Record extracts:
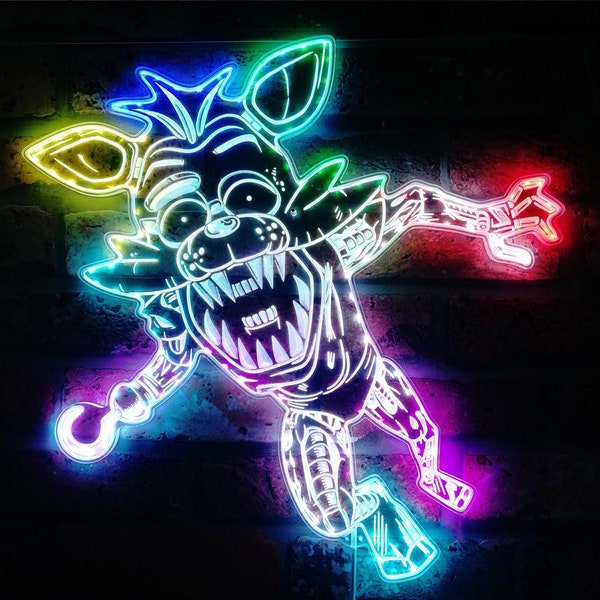 Five Nights at Freddys Foxy 3D Light Wall Sign, Custom Game Room LED Sign, Colors Changing, Birthday Gift, Christmas Gift, FNAF Sign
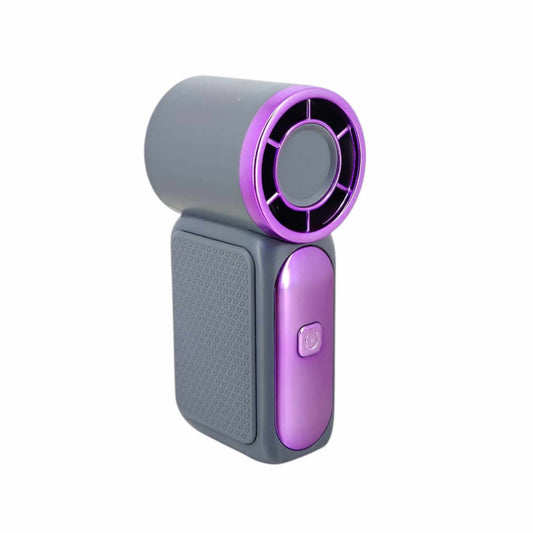 Pocket Powerhouse 100-Speed Mini Handheld Fan in gray and purple for on-the-go cooling.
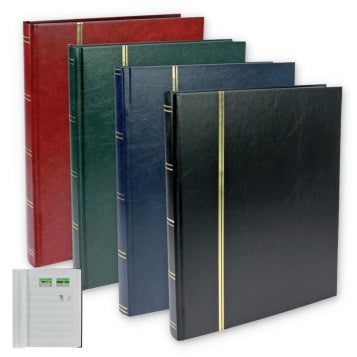 Set of four stamp album stockbooks in red, green, blue, and black with gold details and an inset image of white pages & stamps on a white background.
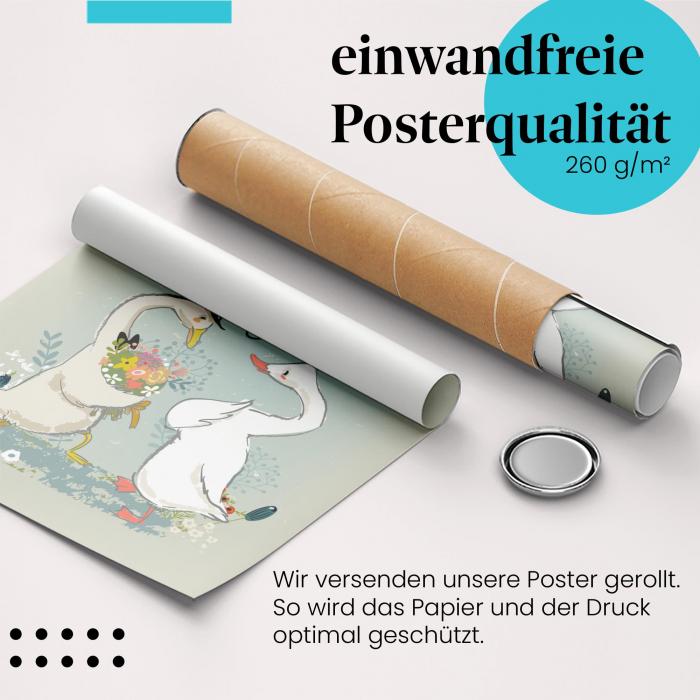 Gerolltes Poster "Gänseliebe" - Liebe & Tiere, sicher verpackt.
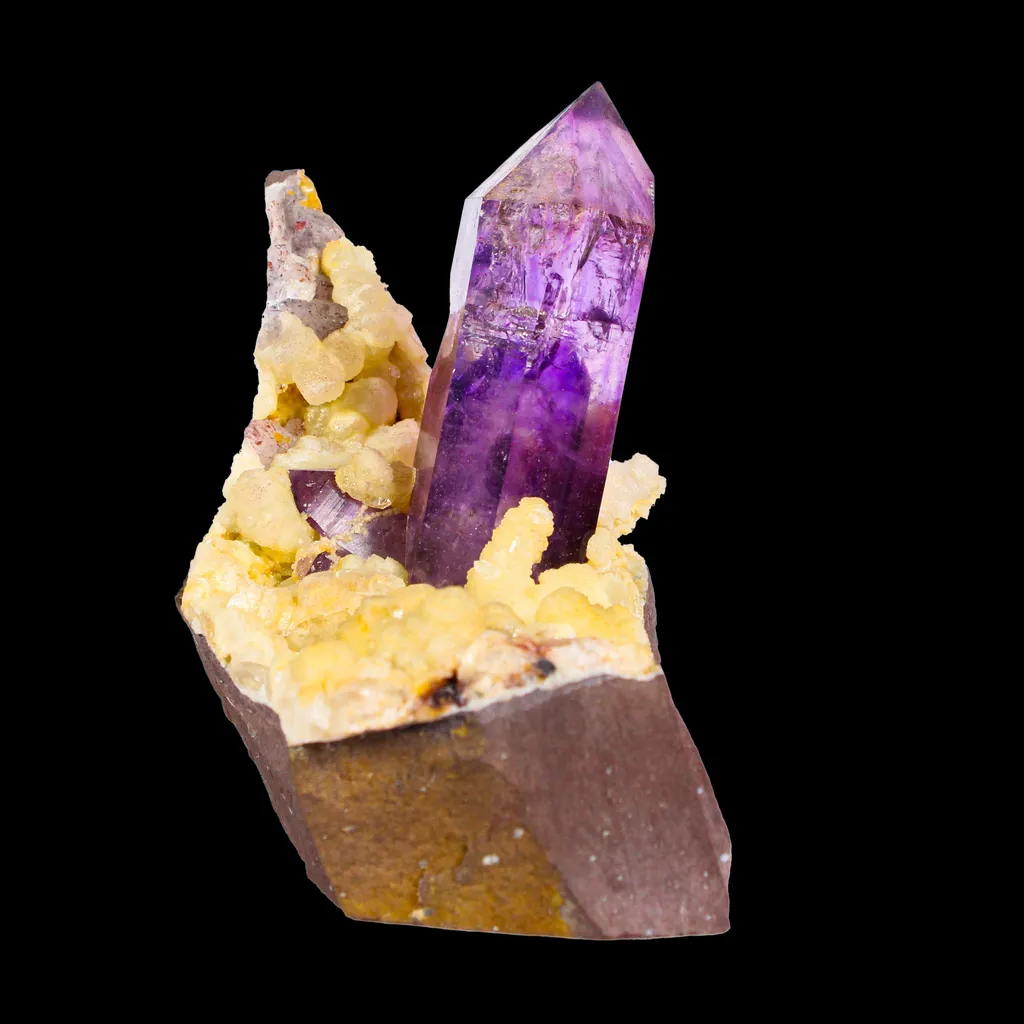 Collector Grade - Rare Enhydro Amethyst with Yellow Calcite on Matrix – Natural Moving Water Bubble Inside Amethyst Specimen - image 5
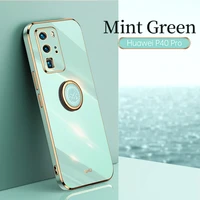 luxury plating square ring holder silicone phone case on for huawei p40 pro phone case stand back cover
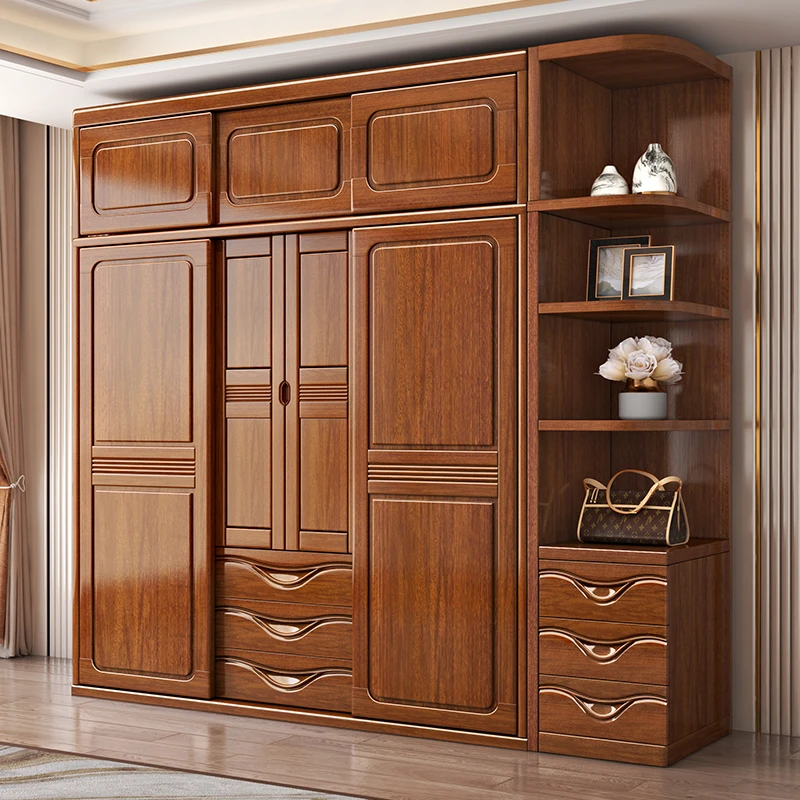 新中式佛山工厂简约多门家用木质卧室大空间经济型推拉门衣柜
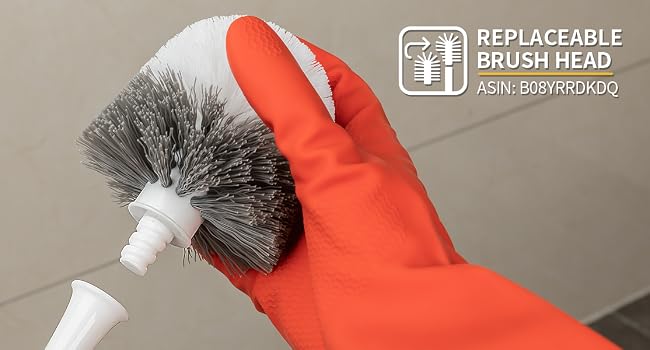 MR.SIGA replaceable brush head toilet cleaner brush and plunger set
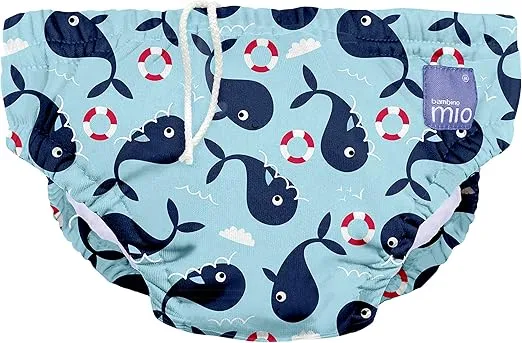 Bambino Mio, Reusable Swim Diaper, Leak-Proof, Stylish and Lightweight, Whale Wharf, Large (1-2 Years)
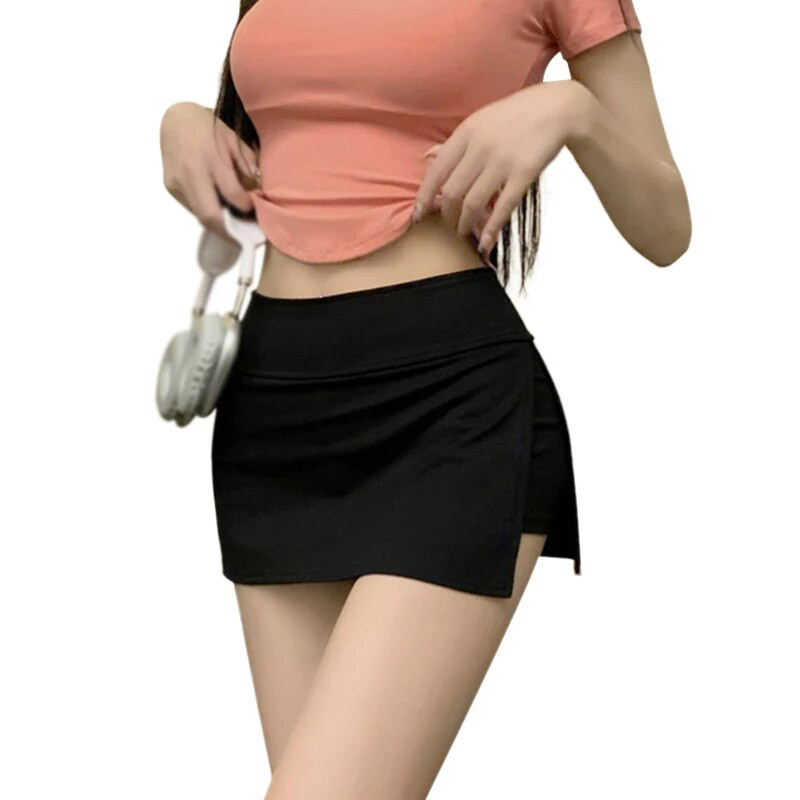 Moteriškos korėjietiškos versijos pussijonas su šoniniais įskilimais nuo blizgesio laisvalaikio sportinės jogos pussijoninės kelnės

What you are asked to do:
Each line from the one that contains "Collector Grade - Rare" through the end of the records should be restated exactly; include both end lines and leave any pictures out.

Task result:
 Collector Grade - Rare Enhydro Amethyst with Yellow Calcite on Matrix – Natural Moving Water Bubble Inside Amethyst Specimen - image 5
 luxury plating square ring holder silicone phone case on for huawei p40 pro phone case stand back cover
 新中式佛山工厂简约多门家用木质卧室大空间经济型推拉门衣柜
 MR.SIGA replaceable brush head toilet cleaner brush and plunger set
 Bambino Mio, Reusable Swim Diaper, Leak-Proof, Stylish and Lightweight, Whale Wharf, Large (1-2 Years)
 Moteriškos korėjietiškos versijos pussijonas su šoniniais įskilimais nuo blizgesio laisvalaikio sportinės jogos pussijoninės kelnės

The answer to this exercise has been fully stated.